Regrettably the Treasurer could not provide any real rationale for our nation being ready to talk about our futures. The dog ate his homework. He had been hoping to lean heavily on the government’s intergenerational report but its release has been held up by the political chaos rife in the party. Now his case was missing but, typically, that wasn’t holding him back. He was pressing on with the business of good government. He explained this to 3AW’s Neil Mitchell.
“I am doing the heavy lifting for my country,” Hockey said. “I am going to keep going because that’s what people say to me on the streets, ‘keep going, Joe’, and I am keeping going.”
However flatteringly he may choose to portray himself as the virtuous laborer in the vineyard of ‘reform’ for the media, the results paint a different picture of the Treasurer.

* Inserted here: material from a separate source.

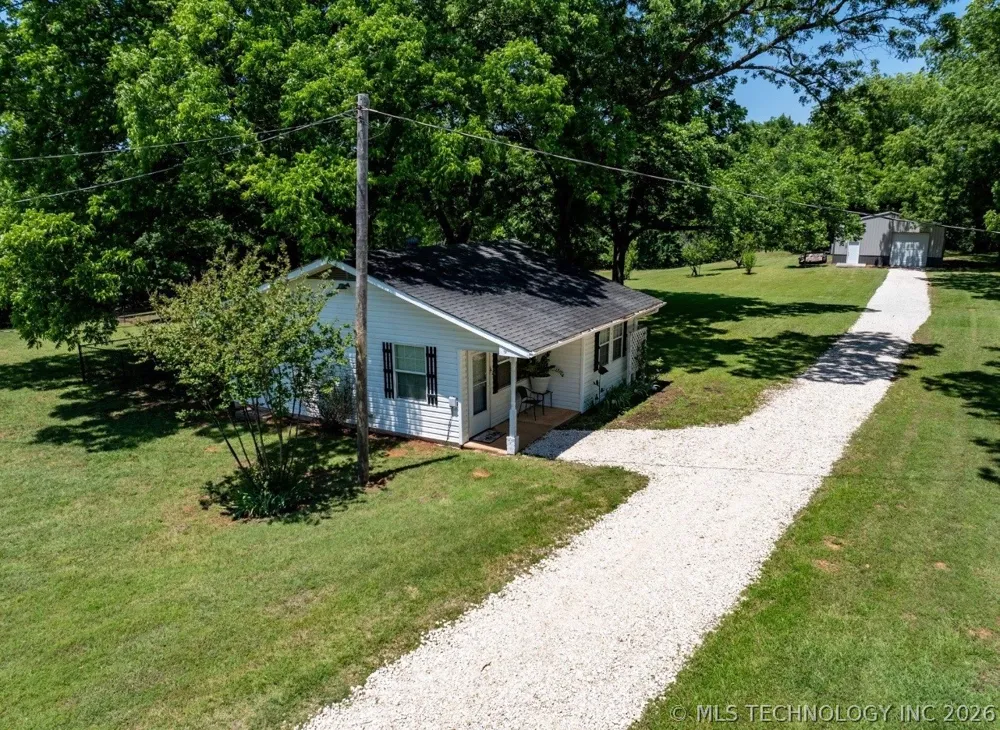 20014 Highway 32 Kingston, OK 73439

He’s a gunner. Last year, for example, Hockey had promised the IGR (Intergenerational Report) by the end of December 2014. Its postponement means he has broken the Charter of Budget Honesty Act. The tax reform white paper is also overdue. These will form the basis for the “deeper conversation with the Australian people” that ‘gunner’ Hockey proposes to have with us.
Before bowling us over with the logic of IGR’s statistical trends, the Treasurer and his government would do well to ensure ‘the fundamentals are in place’ for a genuine dialogue. There is a lot of ground to make up. A first step would be for the government to demonstrate that it is genuinely interested in dialogue with the electorate. So far it has been simply driven by neo-liberal ‘dry’ economic ideology, an ideology that is imposed with the help of scare tactics and fear campaigns. Ideology not dialogue is what keeps Hockey and his government going.

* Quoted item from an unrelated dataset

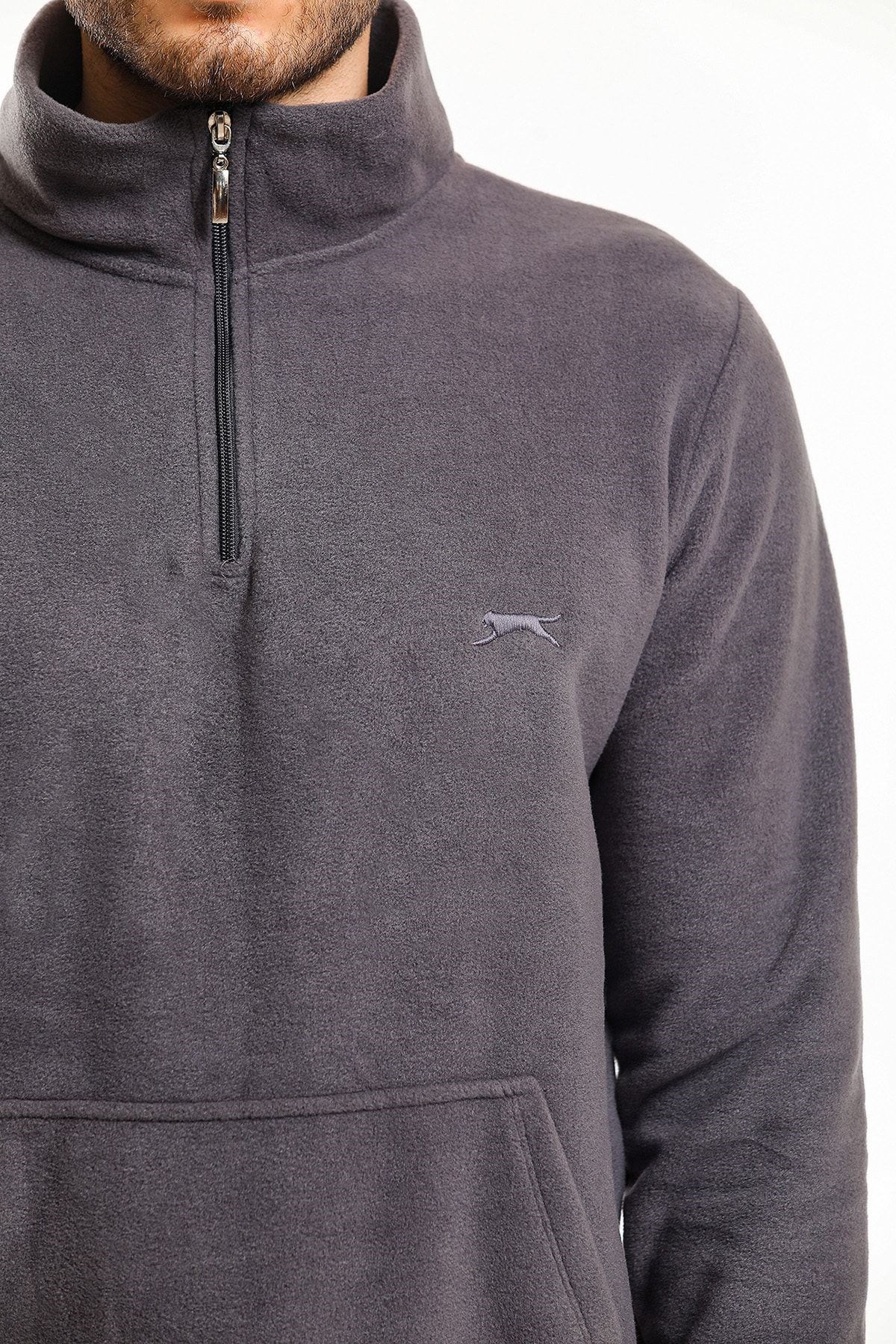 Slazenger SOLID Erkek Sweatshirt K.Gri ST21WE052 Slazenger SOLID Erkek Sweatshirt K.Gri ST21WE052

Delaying the release of the report will also effectively curtail discussion as business interest and lobby groups have pointed out. Other commentators have suggested that the delay is in part due to the need to rewrite the tax paper to meet Abbott’s change of heart over any extension of the GST. Regardless of the cause, the result is to guillotine debate. Good faith has not been kept.
Conversations are founded on honesty, trust and mutual respect, Mr Hockey. Your surplus promise was not a good start. You promised: ‘we will achieve a surplus in our first year in office and we will achieve a surplus for every year of our first term. ’Broken election promises, meltdowns at the top, your government’s flip-flop policy changes mean that you have some huge repairs to make to your credibility before you can begin to engage in real dialogue.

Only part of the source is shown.